[Prompt]: Using the listing below, copy exactly the lines from the one containing "Poster Înrămat Brown Skin Woman mockup 0" to the one containing "NWOTD Sporty &", both lines included, and no others.
[Start of section]
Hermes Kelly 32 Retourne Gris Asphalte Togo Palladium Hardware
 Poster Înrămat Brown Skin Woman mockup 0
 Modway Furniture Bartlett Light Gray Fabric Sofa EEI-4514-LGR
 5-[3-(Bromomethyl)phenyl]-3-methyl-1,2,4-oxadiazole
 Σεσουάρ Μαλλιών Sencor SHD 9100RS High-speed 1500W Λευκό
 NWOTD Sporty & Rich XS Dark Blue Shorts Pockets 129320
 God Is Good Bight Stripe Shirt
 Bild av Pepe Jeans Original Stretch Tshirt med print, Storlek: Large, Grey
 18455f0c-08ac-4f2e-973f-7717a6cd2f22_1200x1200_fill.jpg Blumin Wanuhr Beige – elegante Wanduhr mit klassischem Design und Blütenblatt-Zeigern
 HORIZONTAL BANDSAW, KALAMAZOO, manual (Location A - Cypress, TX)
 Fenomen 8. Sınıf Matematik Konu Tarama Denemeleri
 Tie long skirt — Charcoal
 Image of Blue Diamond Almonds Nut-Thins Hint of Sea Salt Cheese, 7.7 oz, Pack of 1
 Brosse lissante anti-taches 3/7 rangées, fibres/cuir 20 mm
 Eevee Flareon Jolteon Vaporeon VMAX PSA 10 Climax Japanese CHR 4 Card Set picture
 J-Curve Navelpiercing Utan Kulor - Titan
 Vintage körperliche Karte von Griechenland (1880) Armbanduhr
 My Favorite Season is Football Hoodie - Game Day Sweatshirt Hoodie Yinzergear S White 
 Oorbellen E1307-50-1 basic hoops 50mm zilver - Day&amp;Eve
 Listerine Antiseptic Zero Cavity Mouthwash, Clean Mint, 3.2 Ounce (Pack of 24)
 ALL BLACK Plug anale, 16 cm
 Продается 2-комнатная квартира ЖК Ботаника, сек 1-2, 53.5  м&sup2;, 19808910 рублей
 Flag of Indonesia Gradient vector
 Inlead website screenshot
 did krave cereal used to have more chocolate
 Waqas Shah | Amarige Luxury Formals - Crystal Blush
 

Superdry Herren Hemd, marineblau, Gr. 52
[End of section]
[Task output]:
 Poster Înrămat Brown Skin Woman mockup 0
 Modway Furniture Bartlett Light Gray Fabric Sofa EEI-4514-LGR
 5-[3-(Bromomethyl)phenyl]-3-methyl-1,2,4-oxadiazole
 Σεσουάρ Μαλλιών Sencor SHD 9100RS High-speed 1500W Λευκό
 NWOTD Sporty & Rich XS Dark Blue Shorts Pockets 129320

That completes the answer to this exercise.